Excerpts from a dataset:
--- --- ---
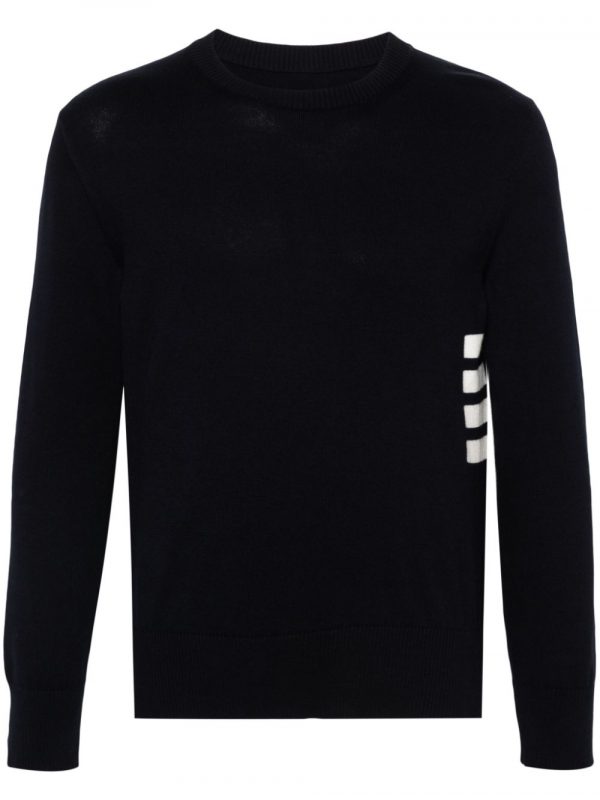 MAGLIA 4BAR IN COTONE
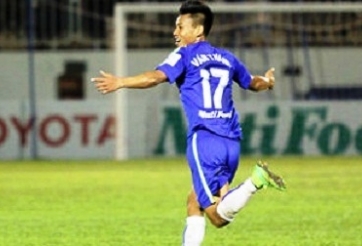 HLV Miura gọi bổ sung cầu thủ đầu tiên cho ĐT U23 Việt Nam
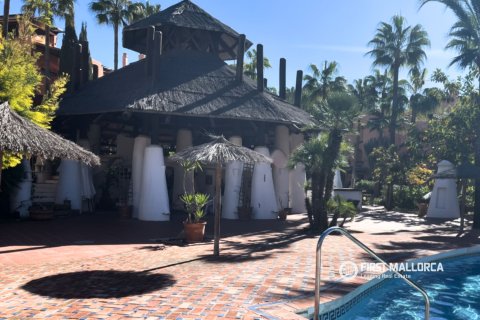 Liikekiinteistö myytävänä Santa Ponsa, Mallorca, Espanja, 4 makuuhuonetta, 533 m2 No. 181777 - kuva 22
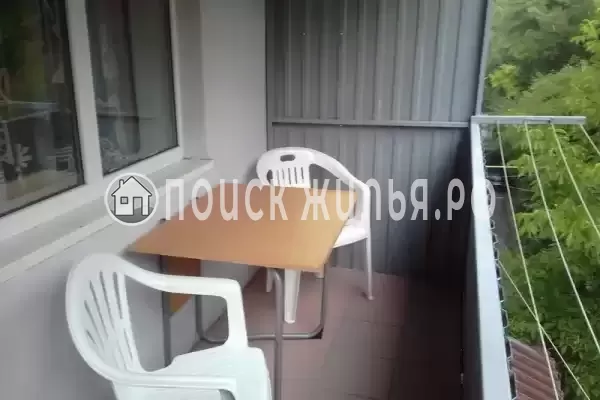 Апартаменты «Бетта»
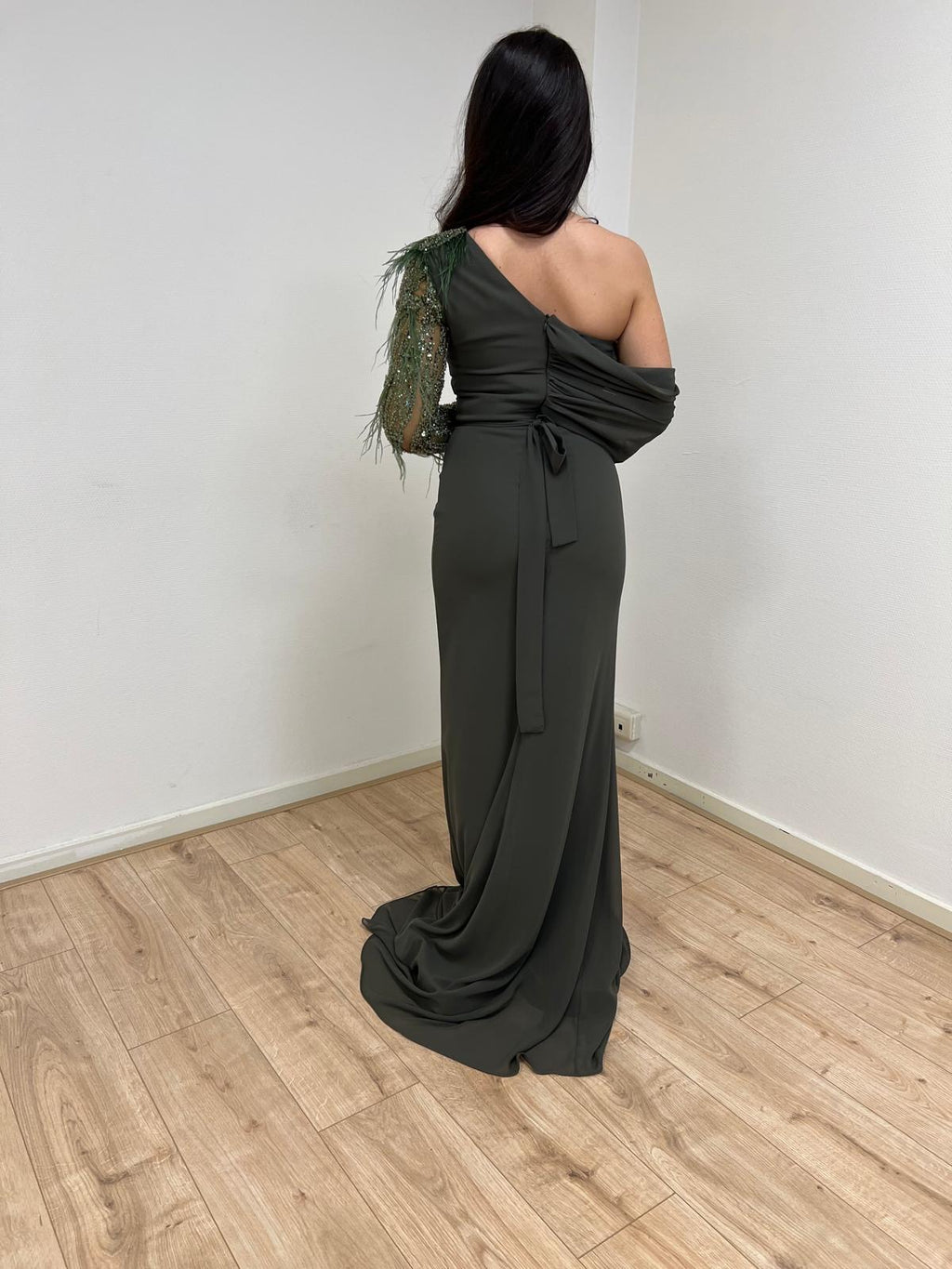 Aden Dress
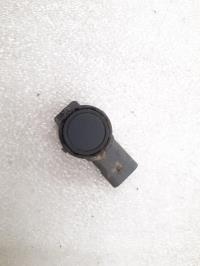 Sensore parcheggio assistito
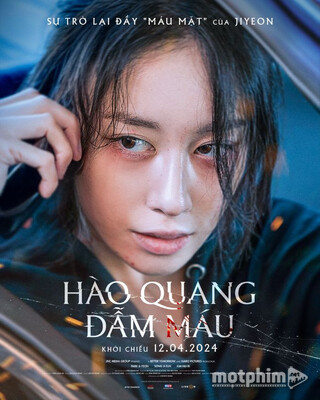 Hào Quang Đẫm Máu 2024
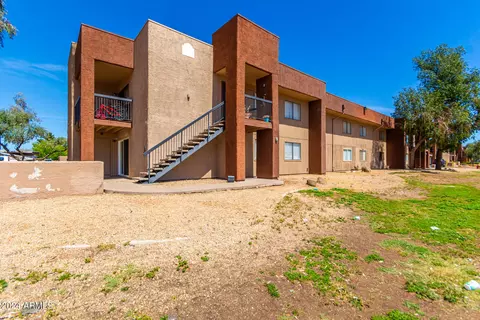 3810 N Maryvale Pkwy #1055, Phoenix, AZ 85031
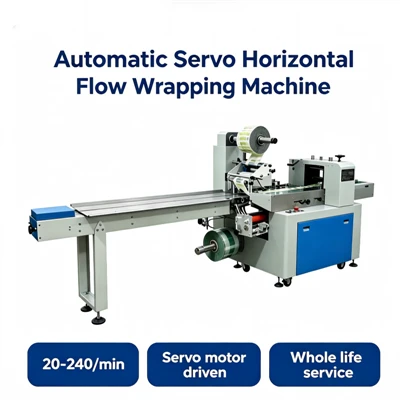 Automatisk medisin boks pakking maskin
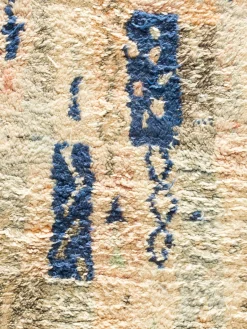 Azilal ca. 86 x 294 cm, Unikat / Einzelstück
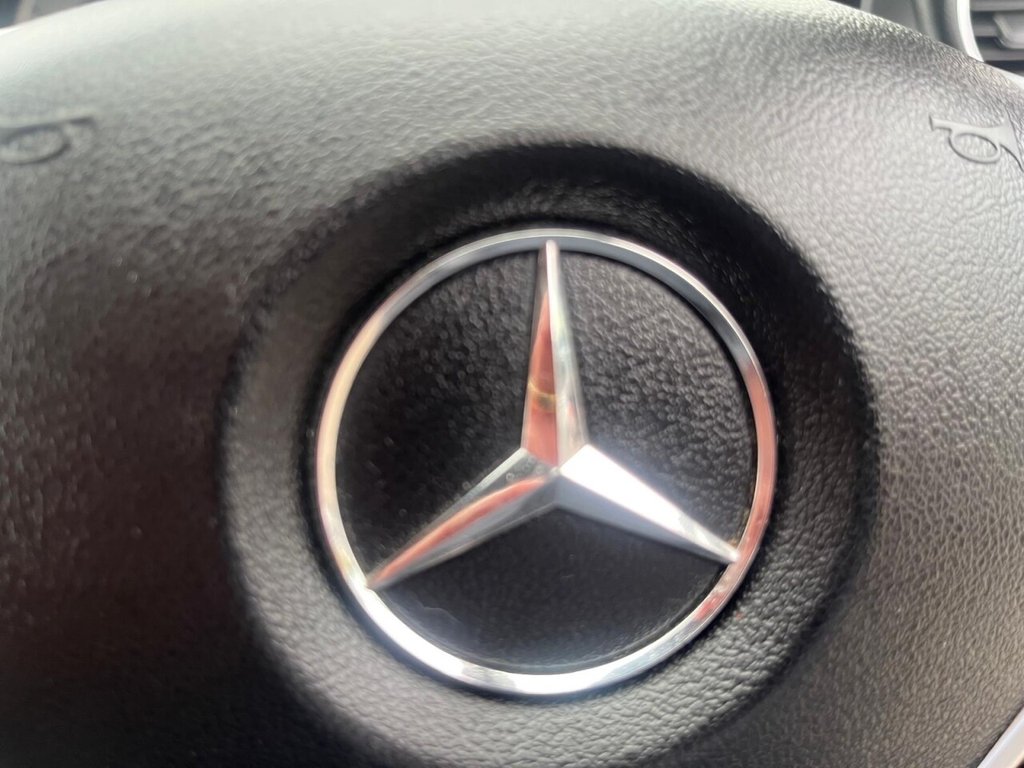 Used Mercedes-Benz C Class 2013 for sale - 76345489: Photo 12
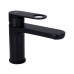 Смеситель для раковины Qtap Jay QTJAY270BLM45545 Black Matt Смеситель для раковины Qtap Jay QTJAY270BLM45545 Black Matt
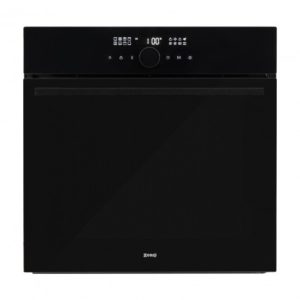 Шкаф духовой электрический ZORG MUN616 BLACK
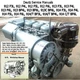 Deutz 912 913 914 fl912 f3l912 bf 4l 913 f4l913 fl 913 Service Computer PDF CD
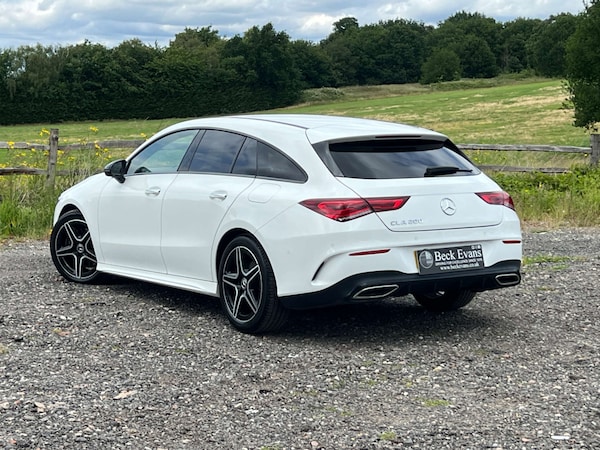 Used Mercedes-Benz CLA 2023 for sale - 74912276: Photo 25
--- --- ---
● **Work task**: Could you copy all of the entries above exactly, without the pictures?

● **Exercise response**:
 MAGLIA 4BAR IN COTONE
 HLV Miura gọi bổ sung cầu thủ đầu tiên cho ĐT U23 Việt Nam
 Liikekiinteistö myytävänä Santa Ponsa, Mallorca, Espanja, 4 makuuhuonetta, 533 m2 No. 181777 - kuva 22
 Апартаменты «Бетта»
 Aden Dress
 Sensore parcheggio assistito
 Hào Quang Đẫm Máu 2024
 3810 N Maryvale Pkwy #1055, Phoenix, AZ 85031
 Automatisk medisin boks pakking maskin
 Azilal ca. 86 x 294 cm, Unikat / Einzelstück
 Used Mercedes-Benz C Class 2013 for sale - 76345489: Photo 12
 Смеситель для раковины Qtap Jay QTJAY270BLM45545 Black Matt Смеситель для раковины Qtap Jay QTJAY270BLM45545 Black Matt
 Шкаф духовой электрический ZORG MUN616 BLACK
 Deutz 912 913 914 fl912 f3l912 bf 4l 913 f4l913 fl 913 Service Computer PDF CD
 Used Mercedes-Benz CLA 2023 for sale - 74912276: Photo 25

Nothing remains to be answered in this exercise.